江初靜驚訝地看著她手裡的彈弓,「用這個?」
程鳶點點頭,「對。」
她仔細看著手裡的彈弓,鈦合金材質,上面繪著星月。
她發現,霍九淵好像很喜歡星星和月亮的元素,那把「愛慕」古箏也有。
「行三彈弓,可貴了,小時候誰有一把,那走路都得橫著走。」
江初靜大開眼界,「沒想到夫人你還懂這個,果然不愧是藝術世家。」
「我小時候挺皮的,經常和男孩們抓鳥摸蛋的。」程鳶道。
霍九淵一點也不了解她。
他以為她是高高在上不懂疾苦的大小姐,所以恨她,其實她也只是個在泥里打滾的小淘氣。
江初靜不服氣地道:「說不定九爺就是知道你小時候喜歡玩,所以才收藏了這個彈弓呢。」
程鳶:「……」
江初靜這cp粉太努力了,開始自己產糖了。
「有沒有另外一種可能,他只是彌補他自己童年的遺憾。」
這時候兩個人已經走到外面,白天的雍園,繁花似錦,綠樹成蔭,和晚上是不一樣的感覺。
「其實九爺是個善良的人,」江初靜像是想起來什麼好玩的事情,「夫人,我告訴你個秘密。」
「哦?」程鳶心不在焉。
「陸離說他其實打架可菜了,真要打起來,應該是九爺保護他。」
江初靜越說越好笑,「但你知道為什麼他是九爺的保鏢嗎?」
程鳶的臉上終於露出了一絲驚訝,她還真沒看出來。
「陸離原來是霍瑩瑩一個房地產項目的工人,因為被拖欠工資,他奶奶又需要錢治病,一米九的大小伙子,沒別的辦法只能去霍氏集團的大樓哭,但是根本見不到那位女霍總。」
江初靜恨得牙痒痒,「後來他沒辦法了,準備在霍氏集團的樓頂跳樓,想引發輿論施壓,希望他的命能換到工資。那天是九爺把他救下的。」
「九爺不僅幫他交了他奶奶的住院費,還給了他這份工作。

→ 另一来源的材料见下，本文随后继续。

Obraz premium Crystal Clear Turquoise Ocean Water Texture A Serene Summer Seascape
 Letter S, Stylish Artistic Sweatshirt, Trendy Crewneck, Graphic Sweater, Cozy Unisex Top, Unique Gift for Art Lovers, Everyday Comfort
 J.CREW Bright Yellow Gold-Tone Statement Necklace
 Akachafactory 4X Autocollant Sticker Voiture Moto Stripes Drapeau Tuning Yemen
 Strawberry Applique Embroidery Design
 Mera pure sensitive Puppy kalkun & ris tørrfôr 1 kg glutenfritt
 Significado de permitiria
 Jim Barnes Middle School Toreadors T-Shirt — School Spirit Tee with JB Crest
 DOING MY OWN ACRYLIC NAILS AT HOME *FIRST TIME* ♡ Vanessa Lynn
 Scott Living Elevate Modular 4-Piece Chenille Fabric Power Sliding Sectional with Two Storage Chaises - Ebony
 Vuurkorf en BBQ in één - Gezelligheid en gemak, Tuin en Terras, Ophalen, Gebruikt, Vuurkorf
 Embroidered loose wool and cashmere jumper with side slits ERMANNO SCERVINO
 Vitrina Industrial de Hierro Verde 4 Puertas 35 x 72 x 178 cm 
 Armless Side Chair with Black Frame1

」
江初靜眼睛亮晶晶的,「所以聽說了這件事後,我覺得九爺一點都不可怕了。」
程鳶的眼睛看著從草地上方掠過去的幾隻飛鳥,「我知道,他人不壞。」
「對,而且二十五歲的人,從沒有見過媽媽,雖然有權有勢,但就是找不到,唉。」
江初靜感慨萬千。
再一次深刻領悟到,錢真不是萬能的。
程鳶看著那幾隻鳥飛進了竹林,捏了捏彈弓,到底沒捨得打。
她垂了垂長睫,淡淡地道:「他找那個女人可能只是為了問自己的生日,否則我真想不通他還有什麼理由找她。」
「當然有理由!那可是九爺的親媽呀!」江初靜反駁。